In the cell below, create an instance of a Sequential model (documentation here) called dense_model with a name of "dense" and otherwise default arguments.

In other words, create a model without any layers. We will add layers in a future step.

# Replace None with appropriate code

dense_model = None

# Run this code without change

# Assert

assert len(dense_model.layers) == 0
assert type(dense_model) == Sequential
assert dense_model.name == "dense"

3) Determine Input and Output Shapes

How many input and output nodes should this model have?

Feel free to explore the attributes of X and y to determine this answer, or just to enter numbers based on the problem description above.

# Replace None with appropriate code

num_input_nodes = None
num_output_nodes = None

# Run this code without change

# Both values should be integers
assert type(num_input_nodes) == int
assert type(num_output_nodes) == int

score = 0

# 300 features, so 300 input nodes
if num_input_nodes == 300:
    score += 0.5
    
# binary output, so 1 output node
if num_output_nodes == 1:
    score += 0.5
elif num_output_nodes == 2:
    # Partial credit for this answer, since it's technically
    # possible to use 2 output nodes for this, although it's
    # confusingly redundant
    score += 0.25

score

The code below will use the input and output shapes you specified to add Dense layers to the model:

# Run this cell without changes

# Add input layer
dense_model.add(Dense(units=64, input_shape=(num_input_nodes,)))

# Add hidden layers
dense_model.add(Dense(units=64))
dense_model.add(Dense(units=64))

dense_model.layers

4) Add an Output Layer

Specify an appropriate activation function (documentation here).

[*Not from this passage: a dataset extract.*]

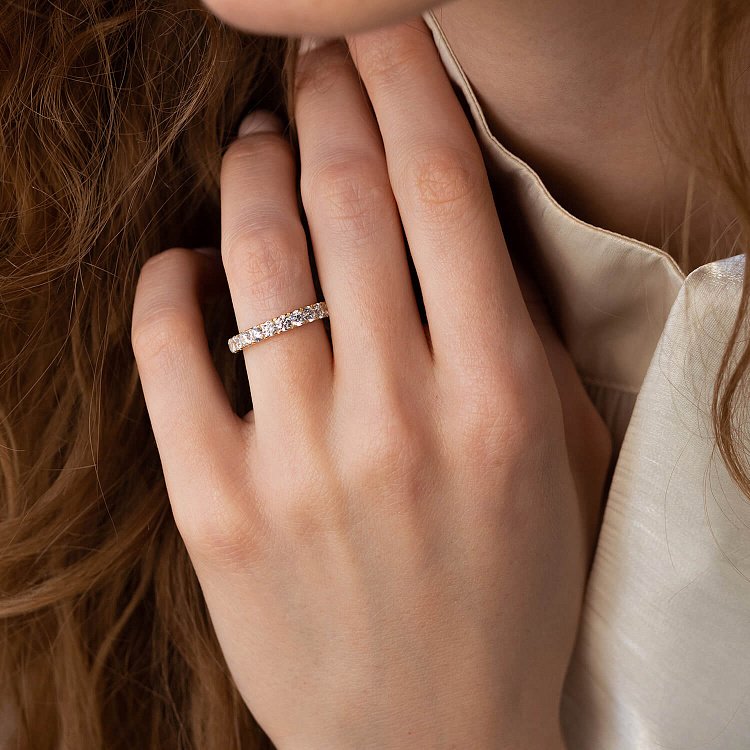 Кольцо с дорожкой камней в желтом золоте (фианиты) к07389 - 9 Кольцо с дорожкой камней в желтом золоте (фианиты) к07389 от ювелирного магазина Оникс - 9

We'll simplify the problem by specifying that you should use the string identifier for the function, and it should be one of these options:

sigmoid
softmax

Hint: is this a binary or a multi-class problem? This should guide your choice of activation function.

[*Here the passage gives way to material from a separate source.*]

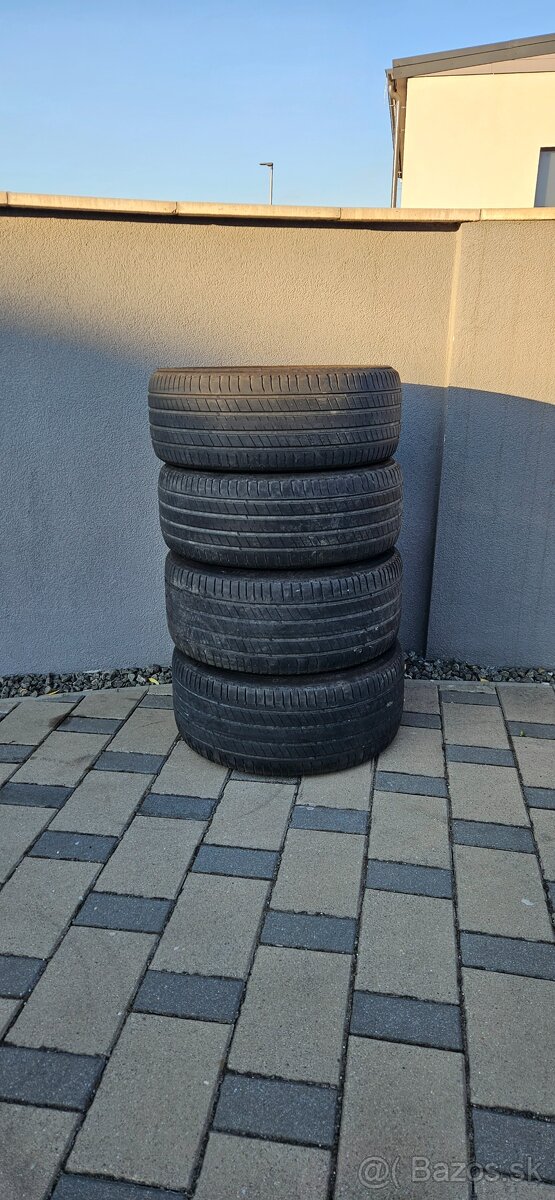 Predám 275/40r20,245/45r20 run flat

# Replace None with appropriate code

activation_function = None

# Run this cell without changes

# activation_function should be a string
assert type(activation_function) == str

if num_output_nodes == 1:
    assert activation_function == "sigmoid"
else:
    # The number of output nodes _should_ be 1, but we'll
    # give credit for a matching function even if the
    # previous answer was incorrect
    assert activation_function == "softmax"

Now we'll use that information to finalize the model.

If this code produces an error, consider restarting the kernel and re-running the code above. If it still produces an error, that is an indication that one or more of your answers above is incorrect.

# Run this cell without changes

# Add output layer
dense_model.add(Dense(units=num_output_nodes, activation=activation_function))

# Determine appropriate loss function
if num_output_nodes == 1:
    loss = "binary_crossentropy"
else:
    loss = "categorical_crossentropy"

# Compile model
dense_model.compile(
    optimizer="adam",
    loss=loss,
    metrics=["accuracy"]
)

dense_model.summary()

# Replace None as necessary

# Fit the model to the training data, using a subset of the
# training data as validation data
dense_model_results = dense_model.fit(
    x=None,
    y=None,
    batch_size=None,
    epochs=None,
    verbose=None,
    validation_split=0.4,
    shuffle=None
)

# Run this cell without changes

def plot_loss_and_accuracy(results, final=False):
    
    if final:
        val_label="test"
    else:
        val_label="validation"

    # Extracting metrics from model fitting
    train_loss = results.history['loss']
    val_loss = results.history['val_loss']
    train_accuracy = results.history['accuracy']
    val_accuracy = results.history['val_accuracy']

    # Setting up plots
    fig, (ax1, ax2) = plt.subplots(1, 2, figsize=(10, 5))

    # Plotting loss info
    ax1.set_title("Loss")
    sns.lineplot(x=results.epoch, y=train_loss, ax=ax1, label="train")
    sns.lineplot(x=results.epoch, y=val_loss, ax=ax1, label=val_label)
    ax1.legend()

    # Plotting accuracy info
    ax2.set_title("Accuracy")
    sns.lineplot(x=results.epoch, y=train_accuracy, ax=ax2, label="train")
    sns.lineplot(x=results.epoch, y=val_accuracy, ax=ax2, label=val_label)
    ax2.legend()
    
plot_loss_and_accuracy(dense_model_results)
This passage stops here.